------ DATA SUPPLIED

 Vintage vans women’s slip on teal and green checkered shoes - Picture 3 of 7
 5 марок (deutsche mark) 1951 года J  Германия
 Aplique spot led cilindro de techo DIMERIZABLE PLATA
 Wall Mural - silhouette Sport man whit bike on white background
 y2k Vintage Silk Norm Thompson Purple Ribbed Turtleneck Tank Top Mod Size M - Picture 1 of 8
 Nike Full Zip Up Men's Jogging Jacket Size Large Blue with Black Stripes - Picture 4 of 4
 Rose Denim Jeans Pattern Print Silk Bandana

------------
------ DATA SUPPLIED

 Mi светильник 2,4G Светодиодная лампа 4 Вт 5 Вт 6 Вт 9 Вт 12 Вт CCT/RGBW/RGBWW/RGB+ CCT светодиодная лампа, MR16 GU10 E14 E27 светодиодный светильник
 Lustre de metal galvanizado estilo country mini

------------

**YOUR GOAL:** Wherever "Vintage" appears in a line of the entries, copy that line.

**SOLUTION TO THIS PROBLEM:**
 Vintage vans women’s slip on teal and green checkered shoes - Picture 3 of 7
 y2k Vintage Silk Norm Thompson Purple Ribbed Turtleneck Tank Top Mod Size M - Picture 1 of 8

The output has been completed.